Connu sous le nom d'Henri Alleg, qu'il avait pris lors de son passage dans la clandestinité pendant la guerre d'Algérie, Harry Salem est mort le 17 juillet à Paris trois jours avant son quatre-vingt-douzième anniversaire. Dans son livre La Question qui reste un document majeur sur la torture, il avait témoigné sur les sévices qu'il avait subis, en 1957, entre les mains des parachutistes français.
En 2005, il était venu sur le plateau de TV5Monde. Entretien avec Xavier Lambrechts.
Dans la soirée, un autre que je ne connaissais pas, entra à son tour. Un petit blond, au fort accent du nord : un appelé. Il me dit avec un grand sourire : "Vous savez j'ai assisté à tout, hein! Mon père m'a parlé des communistes pendant la Résistance. Ils meurent, mais ils ne disent rien. C'est bien!"
Je regardai ce jeune à la figure si sympathique, qui pouvait parler des séances de torture que j'avais subies comme d'un match dont il se souviendrait, et qui pouvait venir me féliciter sans gêne, comme il l'aurait fait pour un champion cycliste. Quelques jours plus tard, je le vis congestionné, défiguré par la haine, battre dans l'escalier un musulman qui ne descendait pas assez vite : ce "centre de tri" n'était pas seulement un lieu de torture pour les Algériens, mais une école de perversion pour les jeunes Français.
Ne pas céder à ces brutes qui se flattaient d’être des émules de la Gestapo.

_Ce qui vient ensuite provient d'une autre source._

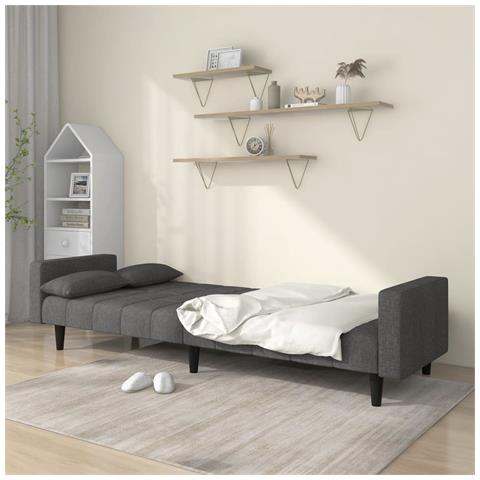 Divano Letto A 2 Posti Con 2 Cuscini Grigio Scuro In Tessuto - Foto 2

C'était le temps des exécutions sommaires par centaines, des "corvées de bois", des prisonniers "abattus au cours d'une tentative de fuite", le temps de la torture généralisée, le temps des "crevettes-Bigeard" comme disaient cyniquement les émules de l'officier tortionnaire. Les prisonniers, les pieds attachés à un parpaing ou pris dans un bloc de béton étaient chargés dans un hélicoptère lourd qui prenait son envol vers la mer au-dessus de laquelle était lâchée cette cargaison vivante.
Des "crevettes-Bigeard". Un "bon mot" des assassins .
C'est aux "disparus" et à ceux qui, sûrs de leur cause, attendent sans frayeur la mort, à tous ceux qui ont connu les bourreaux et ne les ont pas craints, à tous ceux qui, face à la haine et la torture, répondent par la certitude de la paix prochaine et de l'amitié entre nos deux peuples qu'il faut que l'on pense en lisant mon récit, car il pourrait être celui de chacun d'eux.
tout cela, je devais le dire pour les Français qui voudront bien me lire. Il faut qu'ils sachent que les Algériens ne confondent pas leurs tortionnaires avec le grand peuple de France, auprès duquel ils ont tant appris et dont l'amitié leur est si chère. Il faut qu'ils sachent pourtant ce qui se fait ici EN LEUR NOM.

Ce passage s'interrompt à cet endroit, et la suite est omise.